Next comes the question of signed numbers. A natural idea is to use the first bit as a sign bit—0 for positive, 1 for negative. This is called sign-and-magnitude representation.

But this approach had serious problems:

• You had to know the sign ahead of time to perform addition correctly.

• You’d need to invert negative numbers manually before adding. Imagine trying to add 5 + (-3) and ending up with -8 if you got it wrong.

• You’d end up with two versions of zero: positive zero and negative zero. Confusing, right?

These issues were painful for both hardware designers and programmers.

That’s why we moved to something much better: two’s complement.
I won’t explain it fully here, but it’s an elegant solution that simplifies the hardware and removes the ambiguity of sign bits.

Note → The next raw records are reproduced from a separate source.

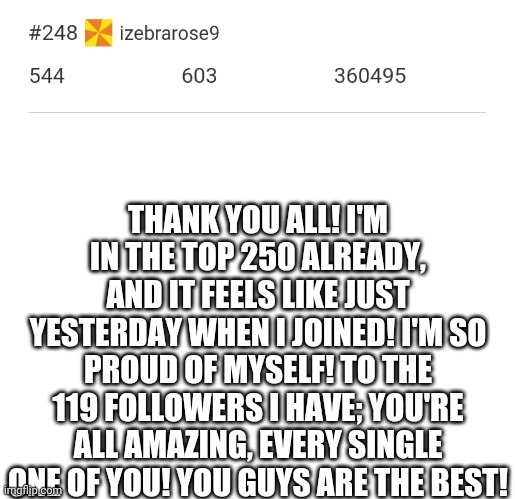YAYAYAYAYAYAYAYAYAYAYAYAYYAYAYAYAYAYAYAYAYAYAYAYAYAYAYAYAYAYAYAYAYAYAYAYAYAYAYAYAYAYAYAYAY!!! | THANK YOU ALL! I'M IN THE TOP 250 ALREADY, AND IT FEELS LIKE JUST YESTERDAY WHEN I JOINED! I'M SO PROUD OF MYSELF! TO THE 119 FOLLOWERS I HAVE; YOU'RE ALL AMAZING, EVERY SINGLE ONE OF YOU! YOU GUYS ARE THE BEST! | image tagged in blank white template | made w/ Imgflip meme maker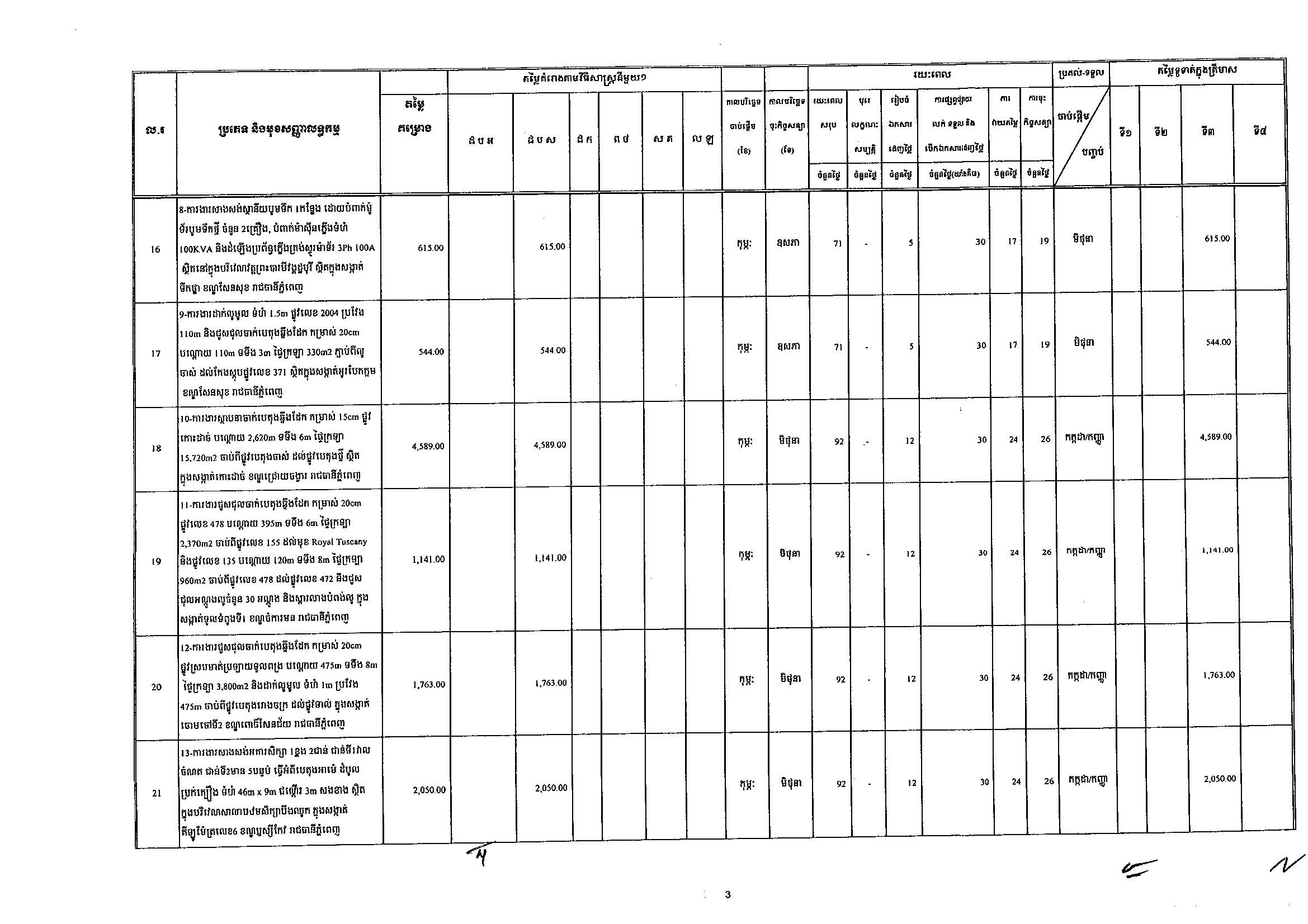 រដ្ឋបាលរាជធានីភ្នំពេញ_Page_03.jpg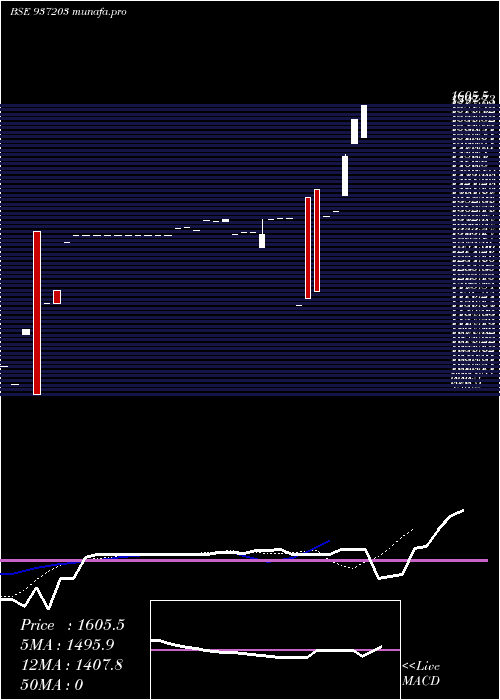Daily chart Kfl29may20c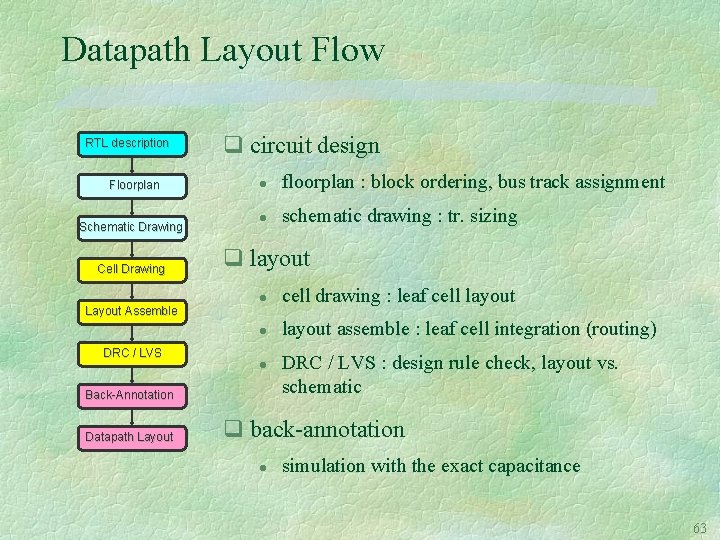 Datapath Layout Flow RTL description Floorplan Schematic Drawing Cell Drawing q circuit design l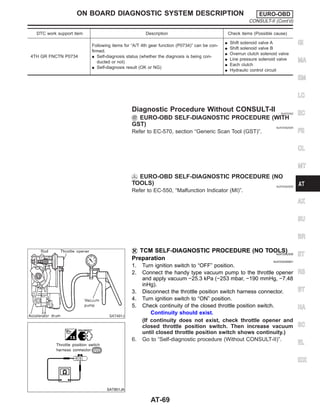 DTC work support item Description Check items (Possible cause)
4TH GR FNCTN P0734
Following items for “A/T 4th gear function (P0734)” can be con-
firmed.
I Self-diagnosis status (whether the diagnosis is being con-
ducted or not)
I Self-diagnosis result (OK or NG)
I Shift solenoid valve A
I Shift solenoid valve B
I Overrun clutch solenoid valve
I Line pressure solenoid valve
I Each clutch
I Hydraulic control circuit
Diagnostic Procedure Without CONSULT-II NJAT0352
EURO-OBD SELF-DIAGNOSTIC PROCEDURE (WITH
GST) NJAT0352S04
Refer to EC-570, section “Generic Scan Tool (GST)”.
EURO-OBD SELF-DIAGNOSTIC PROCEDURE (NO
TOOLS) NJAT0352S05
Refer to EC-550, “Malfunction Indicator (MI)”.
SAT491J
SAT851JA
TCM SELF-DIAGNOSTIC PROCEDURE (NO TOOLS)
NJAT0352S06
Preparation NJAT0352S0601
1. Turn ignition switch to “OFF” position.
2. Connect the handy type vacuum pump to the throttle opener
and apply vacuum −25.3 kPa (−253 mbar, −190 mmHg, −7.48
inHg).
3. Disconnect the throttle position switch harness connector.
4. Turn ignition switch to “ON” position.
5. Check continuity of the closed throttle position switch.
Continuity should exist.
(If continuity does not exist, check throttle opener and
closed throttle position switch. Then increase vacuum
until closed throttle position switch shows continuity.)
6. Go to “Self-diagnostic procedure (Without CONSULT-II)”.
GI
MA
EM
LC
EC
FE
CL
MT
AX
SU
BR
ST
RS
BT
HA
SC
EL
IDX
ON BOARD DIAGNOSTIC SYSTEM DESCRIPTION EURO-OBD
CONSULT-II (Cont’d)
AT-69
 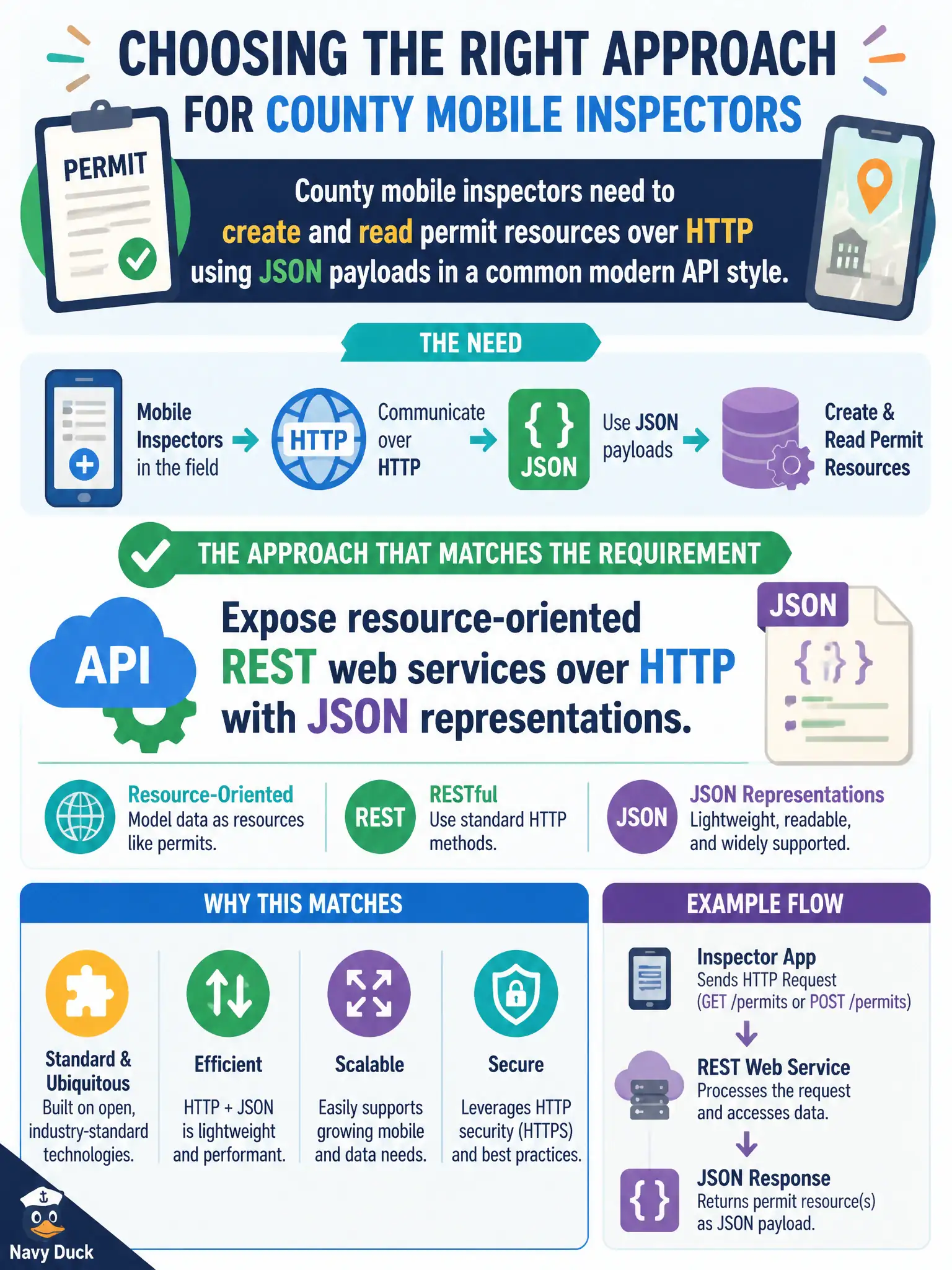 To Create an exciting colorful infographic that explains the concepts in the question: Question: County mobile inspectors need to create and read permit resources over HTTP using JSON payloads in a common modern API style. Which approach matches that requirement? Correct Answer: Expose resource-oriented REST web services over HTTP with JSON representations. Put EVERY visible label in double quotes. No people. No A/B/C/D letters. In one of the four corners put a little "Navy Duck".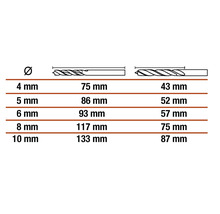 Tabell med dimensioner på borrar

Yes, it introduces one edge case: the number -2^63 doesn’t have a positive counterpart. But that’s a problem only for the careless programmer—not for hardware.

Overflow, Signed vs Unsigned, and Sign Extension

In both representations (sign-and-magnitude and two’s complement), overflow is something we have to watch out for.

Another distinction we make is between signed and unsigned integers. This matters in both load operations and arithmetic.

For loading, we need to extend the sign bit into the remaining bits of the register.
This process is called sign extension.

For branching and memory addressing, we work with unsigned values.
It makes no sense to talk about a “negative memory address”. That’s why C and many other languages include unsigned integer types.

Bit Widths and Data Conversion

Another issue arises with data width.
You’ll often work with both 32-bit and 64-bit values. Since different data types have different lengths, we sometimes need to convert between them—especially for arithmetic.
Once again, sign extension comes to the rescue here.

As for one’s complement, it was another idea people explored. But it required an extra step for subtraction, so we stuck with two’s complement as the better option.

This concludes Part 1 of Chapter 2.